The groom forgot one of his friend’s tuxedos, the mother of the bride was late, the weather was way too humid and sticky for October, but everything eventually turned out absolutely fine and the ceremony was a truly beautiful affair.
Since I’ve never truly been in the midst of a wedding disaster, I think I’ll focus on the funny conversation I heard last night, as my partner and I were wandering the winter light show at the local botanical gardens.
“It doesn’t count as a present.”
“You wouldn’t see it as a present?”
“Not if you proposed at Christmas.”
“When should I propose?
“Just not… now.”
“Well, I know that. And not Valentine’s Day–”

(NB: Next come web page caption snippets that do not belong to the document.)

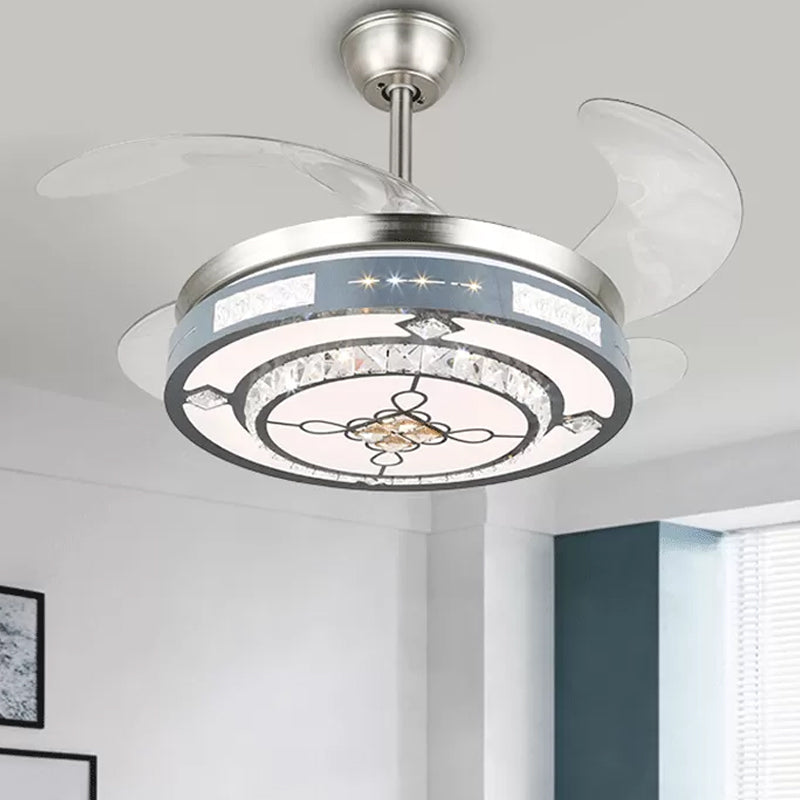 Runde Hanging Lüfterlampenlampe Moderne Kristall 19 "breites LED Silber Semi Flush Mount Light, 4 Klingen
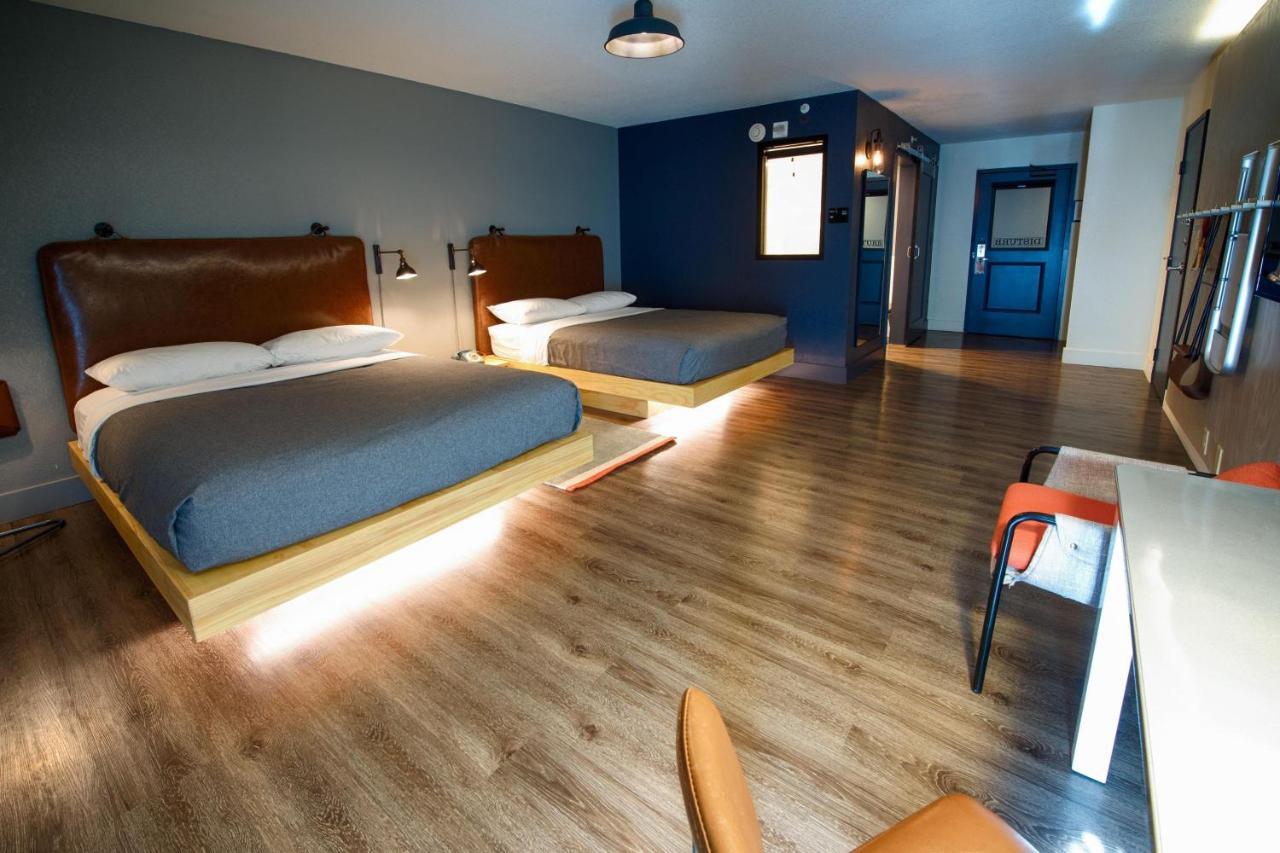 Queen Room with Two Queen Beds - Hearing Accessible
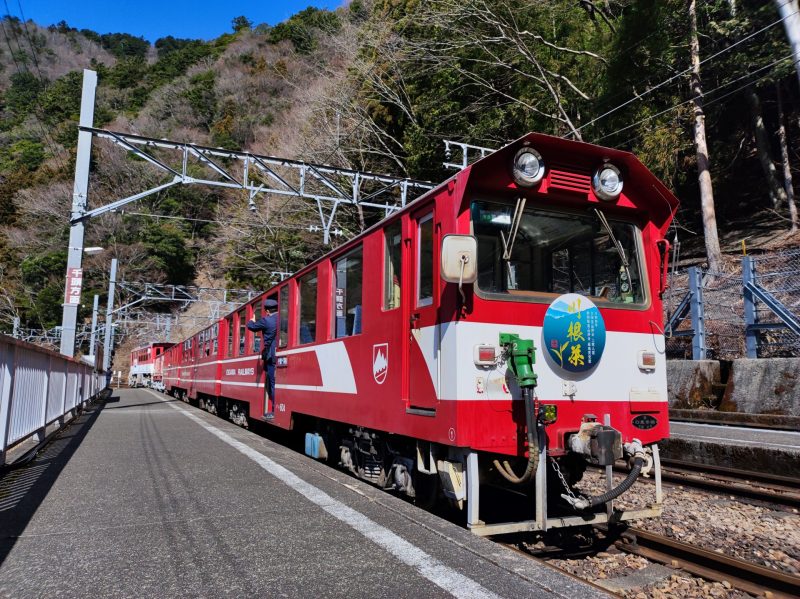 赤い車体のアプト式列車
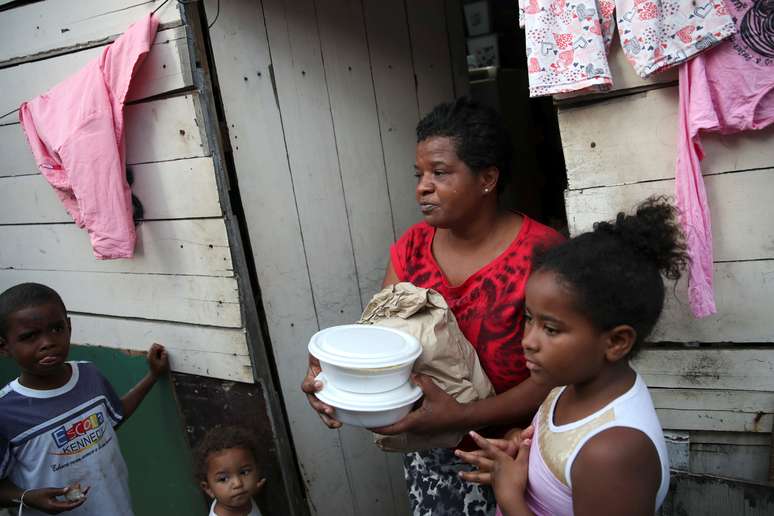 Voluntários distrubem comida em comunidade no Rio de Janeiro durante a pandemia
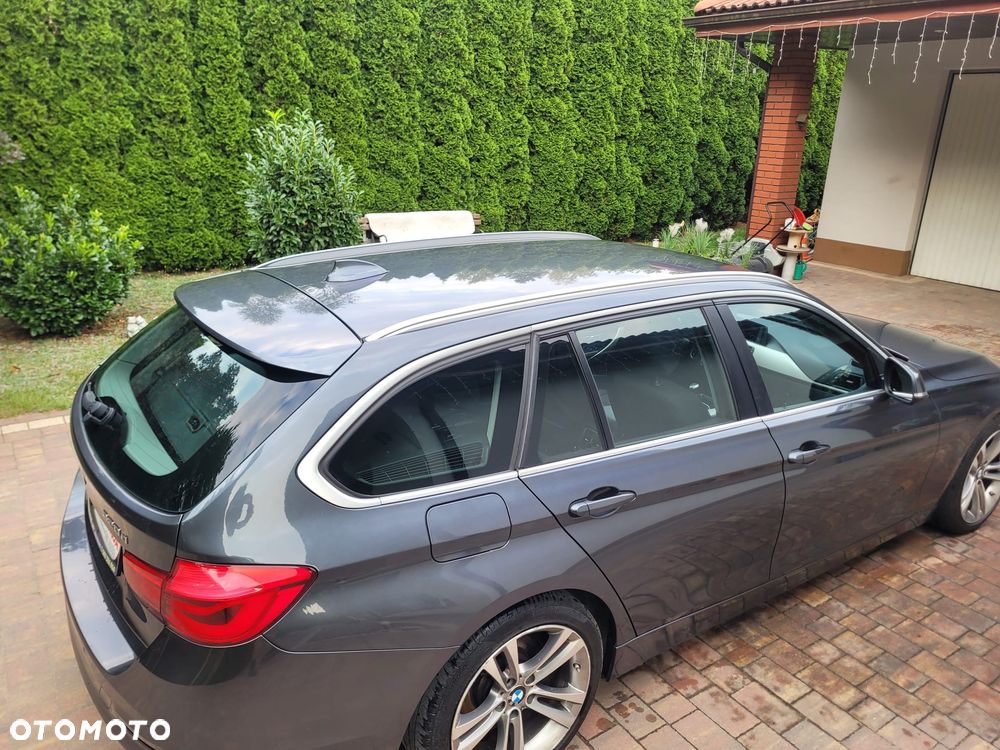 BMW Seria 3 320d Sport Line - 7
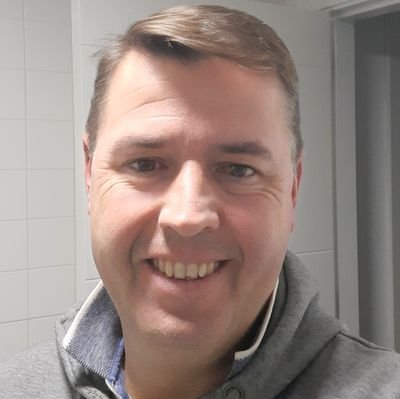 Manuel_Gut_Ara's profile picture. Si no me conoces, ¿por qué me sigues?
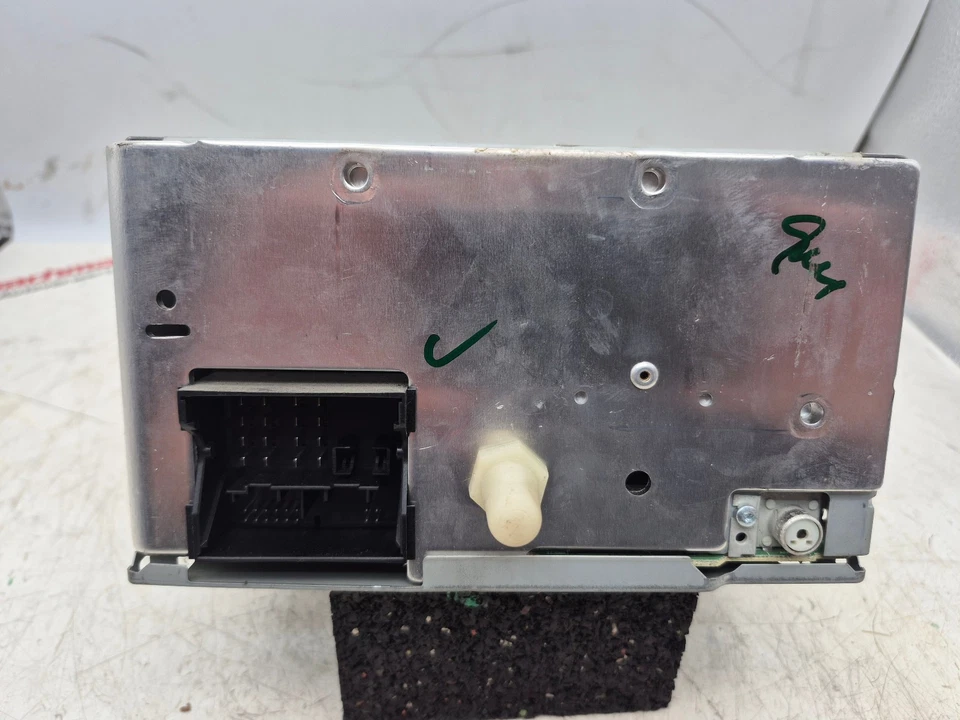 CD Radio CD-KW2000 Ford Focus C Max  Bj. 11/2006  6S6118C815AG  Code dabei - Bild 4 von 4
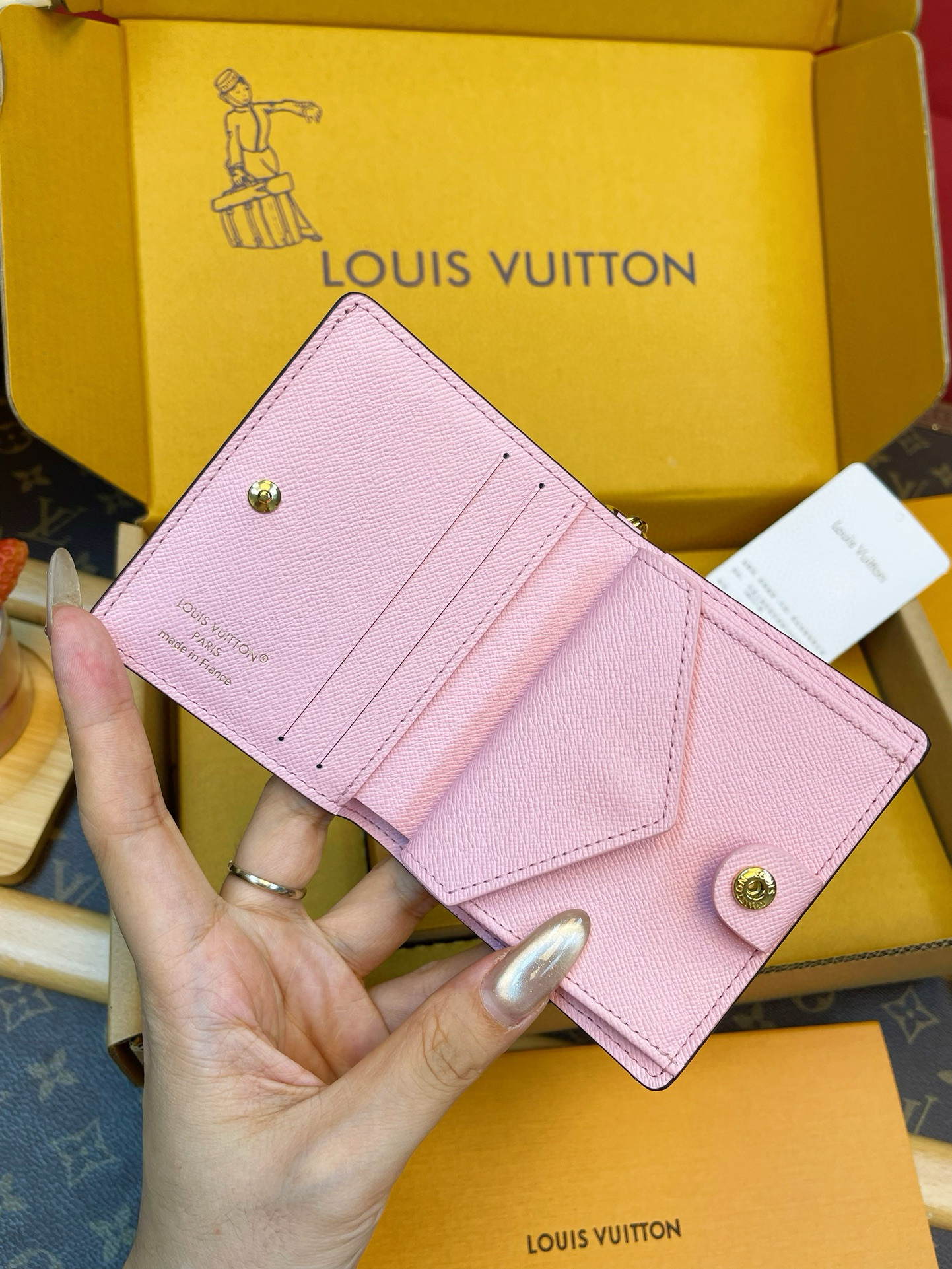 루이비통 M14718 여자 반지갑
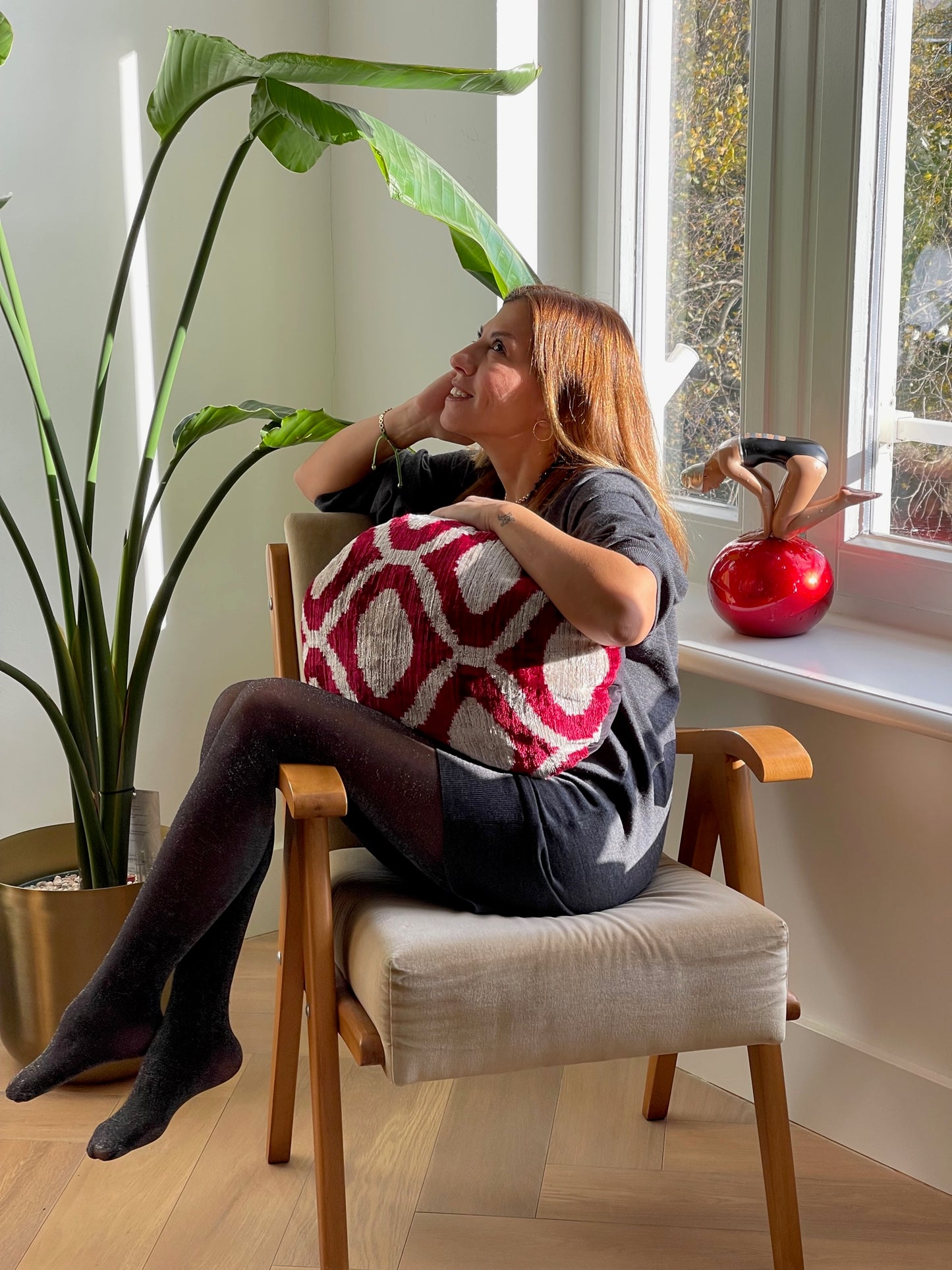 Bella Oval Silk/Velvet Cushion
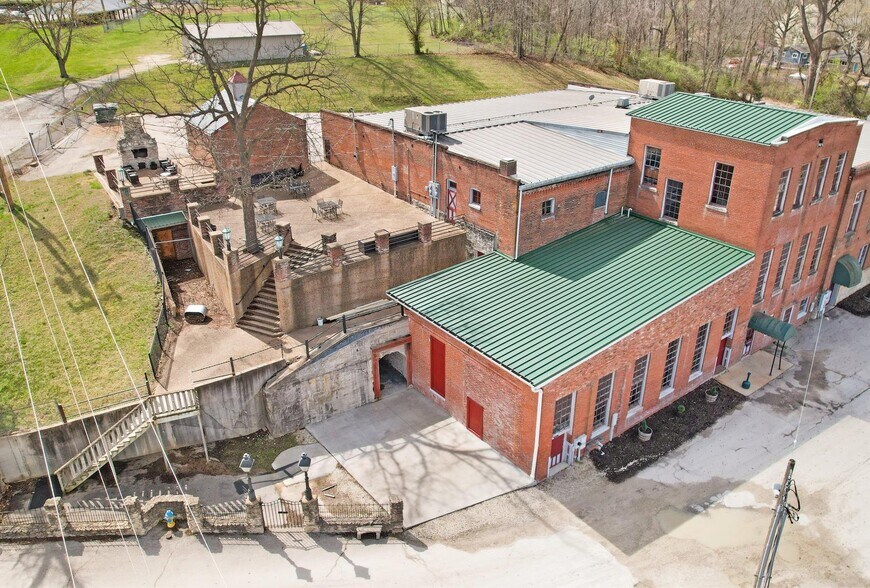 More Photos Of 108 Busch Ave, Washington Freestanding For Sale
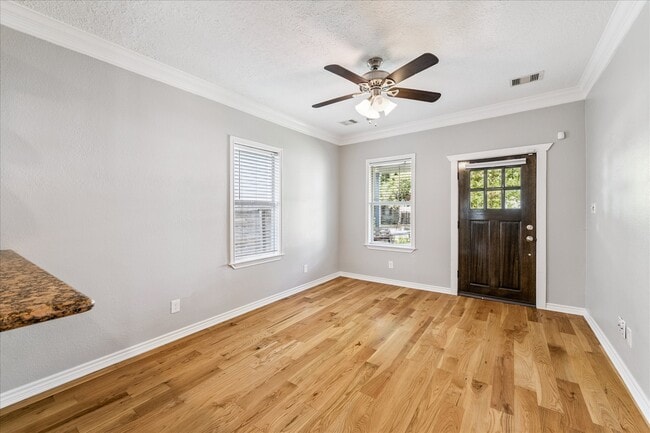 Building Photo - 738 E 28th St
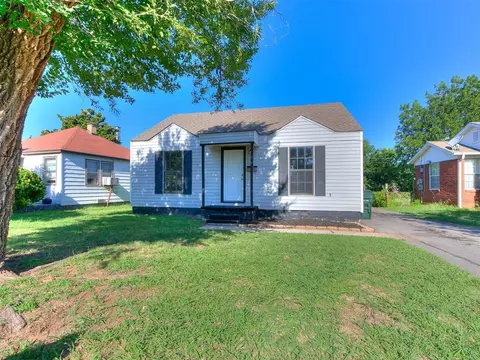 401 E Rickenbacker Dr, Midwest City, OK 73110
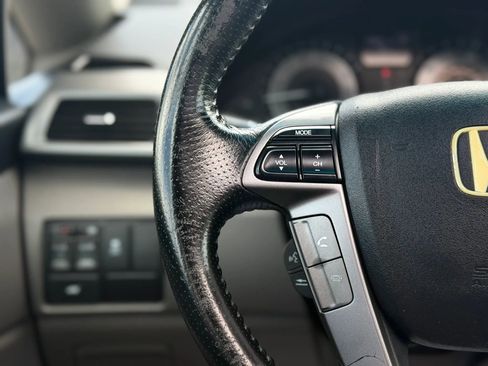 Used 2012 Honda Odyssey EX-L image 36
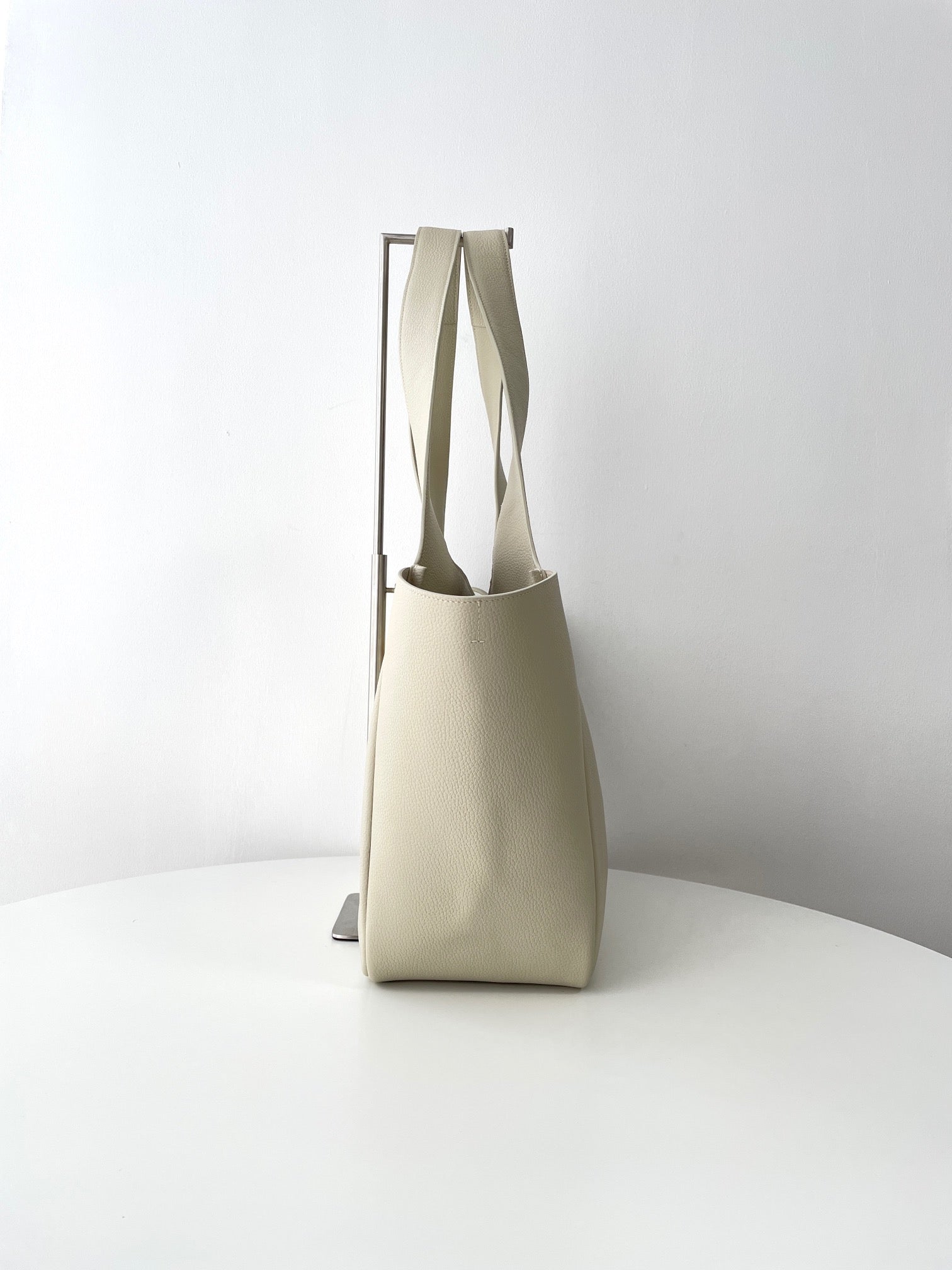 생로랑 LE 5À7 BEA 토트백 그레인 레더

Now that I live in the south people are constantly confusing my long-time partner with my husband. While I understand the confusion–mid-20s, living together, oh my stars, we’ve discussed marriage often and made the choice to wait. We’re living together on our own for the first time, paying off debt and just trying to get our feet on the ground. Plus, I haven’t quite found a way to navigate marriage where it doesn’t have an air of antiquated patriarchal values around it.
That said, we’ve also spoken about what not to do–like proposing on Christmas, proposing in public, or proposing without having a pretty good idea as to what the answer is going to be. I’m of the mind that when the time is right, we’ll kind of just propose to each other and start off our relationship with the right standard set.
As far as others won’ts and don’ts–I won’t wear white, I probably won’t have bridesmaids and I won’t spend more than a few hundred bucks on my dress. Our current wedding plan for the wedding we’re not having is to rent a few food trucks and put a couple blankets out in a field. My cousins had a truly spectacular wedding last fall, for more than the cost of a new house. I don’t have an exact number, but I wager that I could travel the world for about five years on the money they spent on the wedding.
And maybe that’s what we’ll do instead. We’ll call our parents, grab a best friend or two and walk down to the courthouse. Maybe we’ll sign the papers and have a big raucous party in the backyard. Maybe our honeymoon will last a year. Maybe we’ll never come home.
What I can say for sure, however, is that we’ll never have a Christmas proposal.